- **The task**
Exactly reproduce the line containing "Leo Mid Rise Slim Fit Jeans" and all later lines to the end of the entries, leaving the pictures out of your copy.

- **Source records**
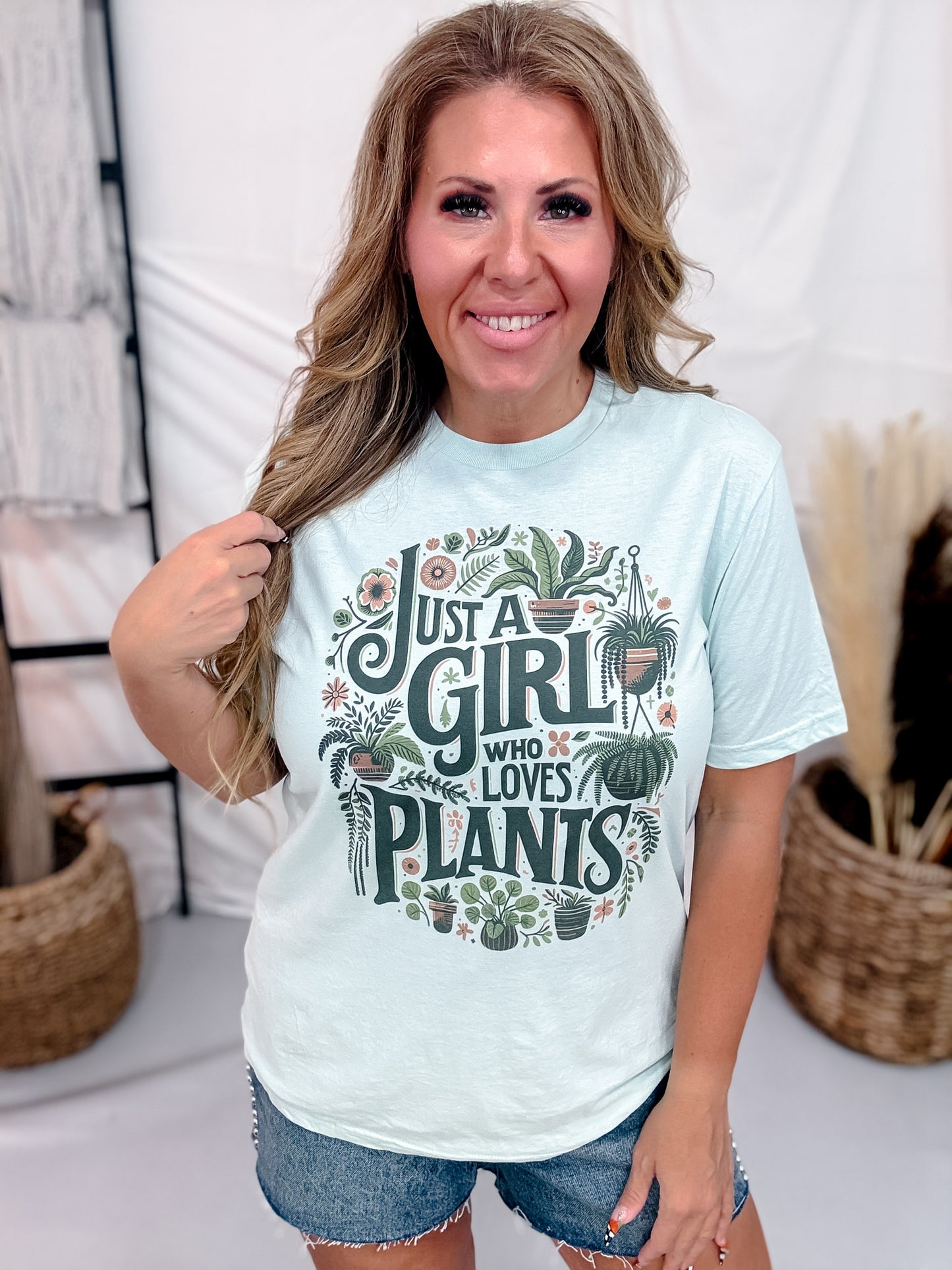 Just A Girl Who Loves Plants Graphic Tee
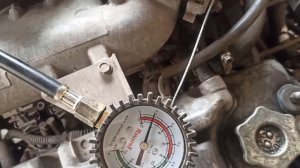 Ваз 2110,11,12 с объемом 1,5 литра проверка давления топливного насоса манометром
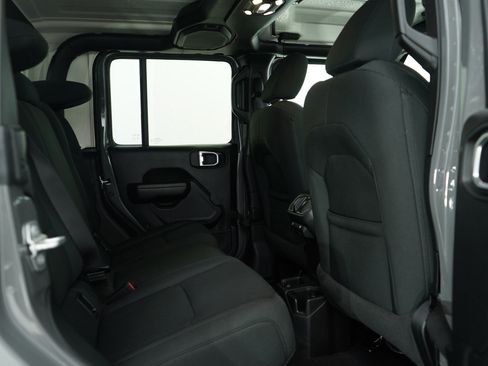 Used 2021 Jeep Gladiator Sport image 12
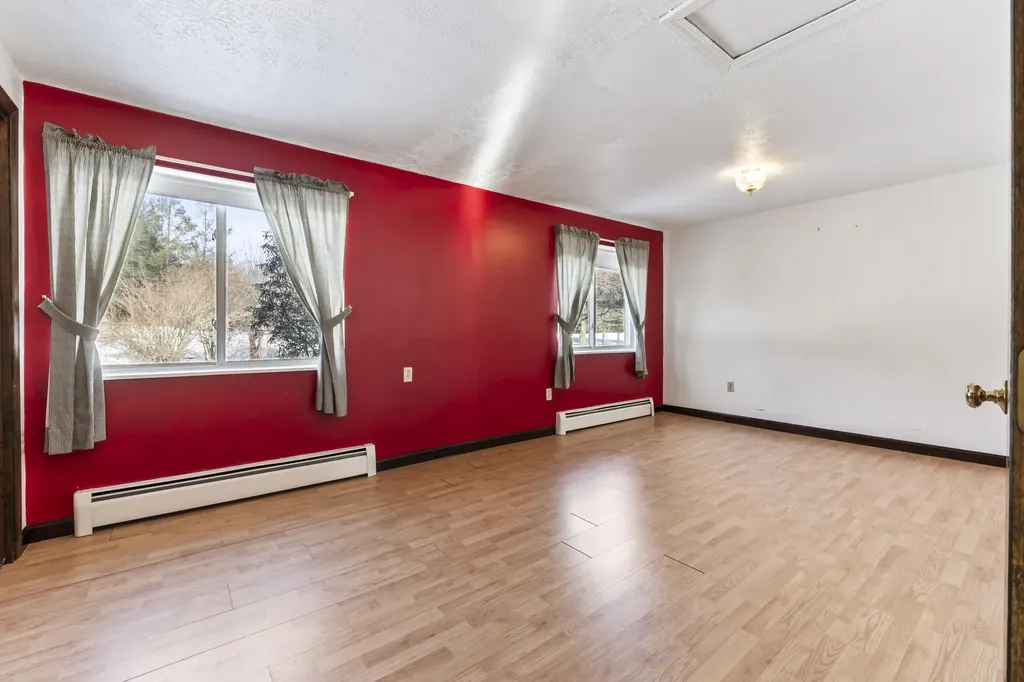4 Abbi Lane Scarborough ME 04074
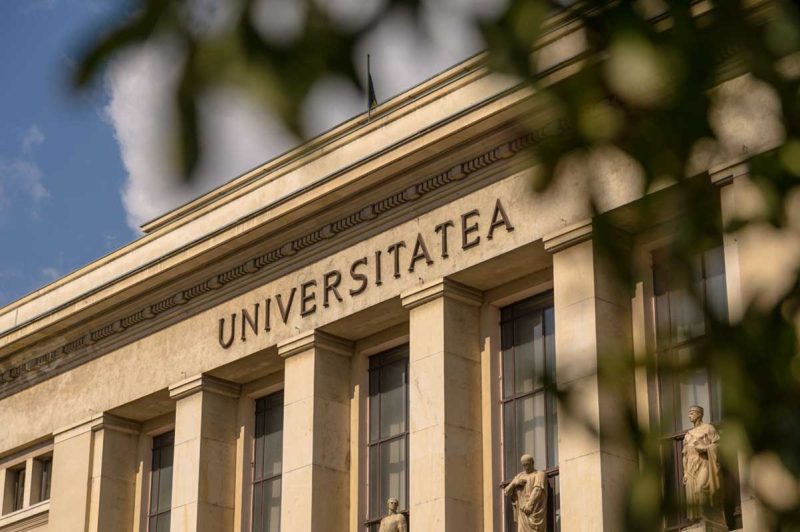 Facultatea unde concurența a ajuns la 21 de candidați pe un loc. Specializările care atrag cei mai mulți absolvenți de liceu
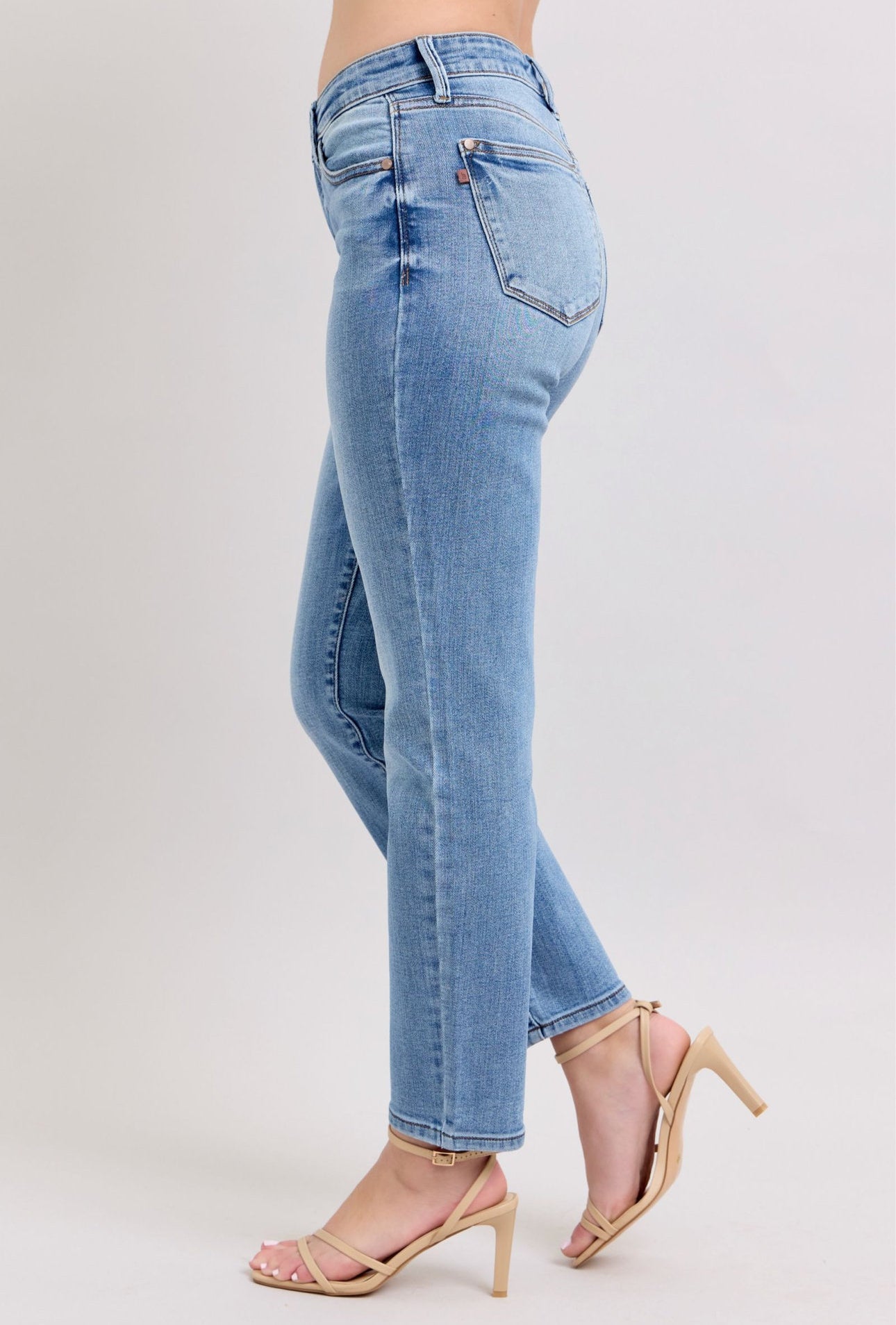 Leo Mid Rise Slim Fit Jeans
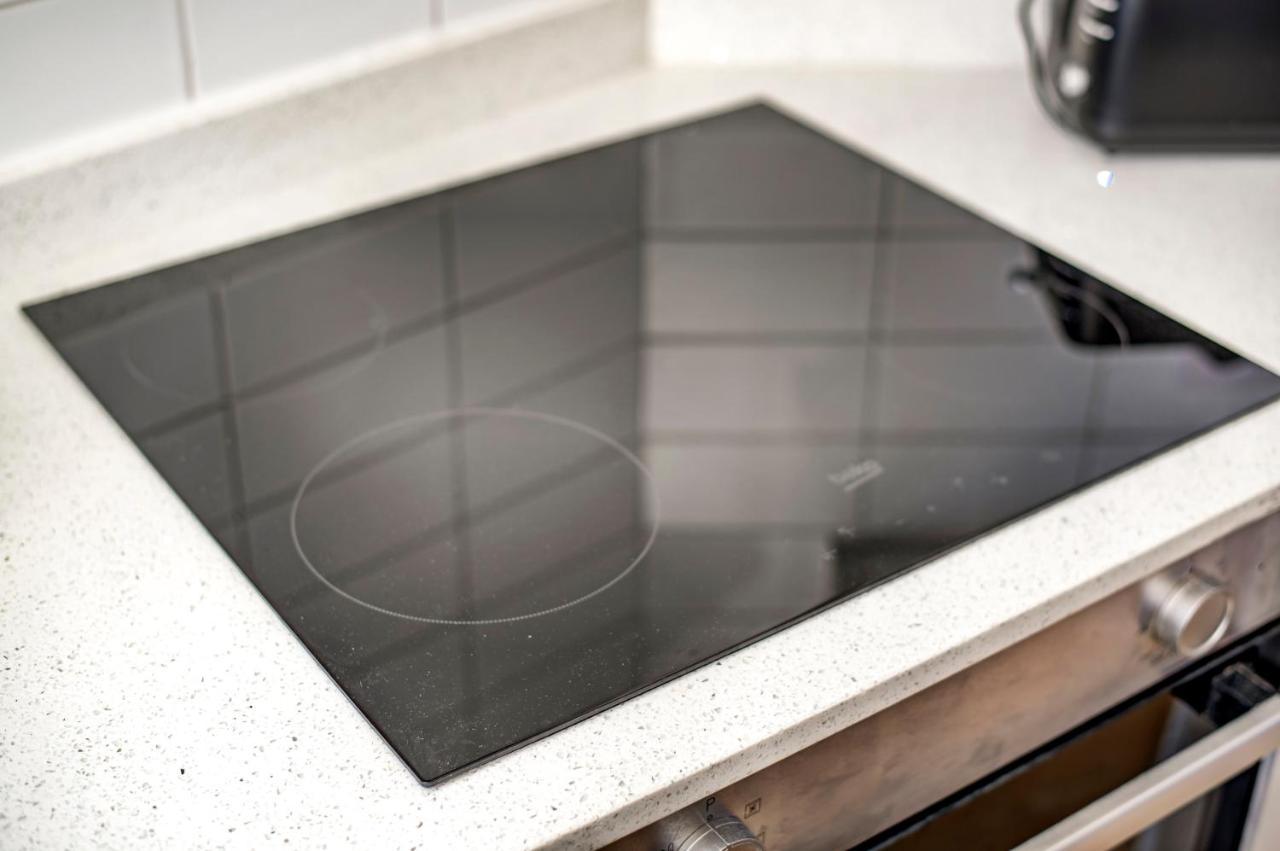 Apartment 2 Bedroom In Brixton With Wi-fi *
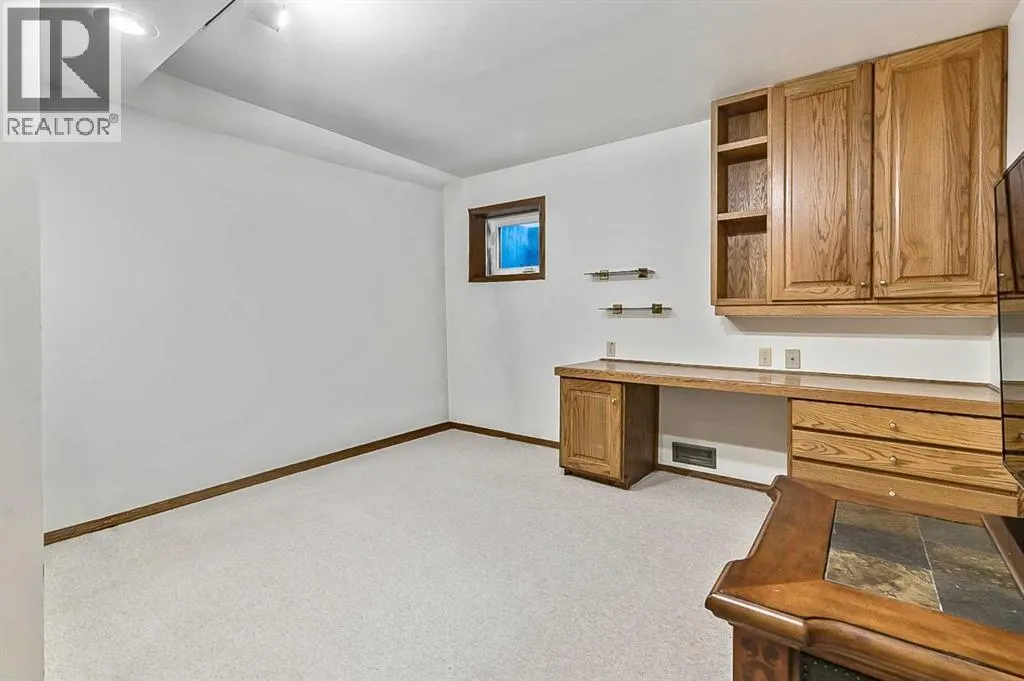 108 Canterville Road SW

- **Answer space**
 Leo Mid Rise Slim Fit Jeans
 Apartment 2 Bedroom In Brixton With Wi-fi *
 108 Canterville Road SW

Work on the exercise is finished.